* TASK ITEM *
With the pictures left out, print exactly the lines below that run from the one containing "Cuban link details collage" through the one containing "Boles NY.Mets #4".

* SUPPLIED DATA *
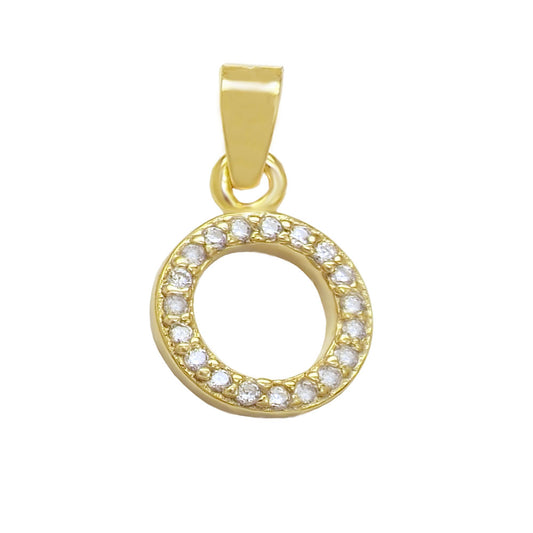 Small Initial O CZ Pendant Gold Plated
---
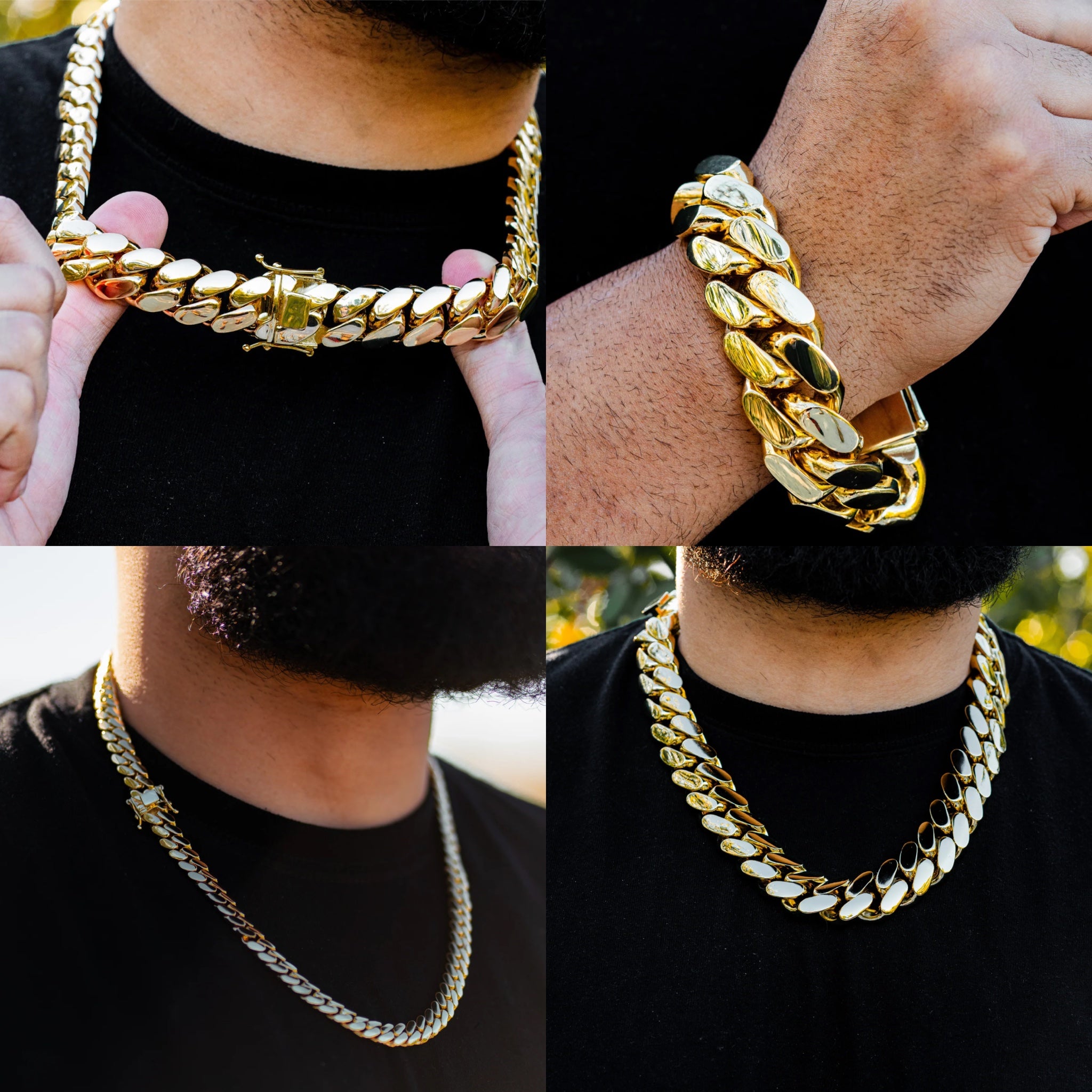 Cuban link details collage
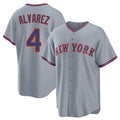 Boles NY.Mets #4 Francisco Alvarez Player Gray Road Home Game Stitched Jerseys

* REPLY TO THE EXERCISE *
 Cuban link details collage
 Boles NY.Mets #4 Francisco Alvarez Player Gray Road Home Game Stitched Jerseys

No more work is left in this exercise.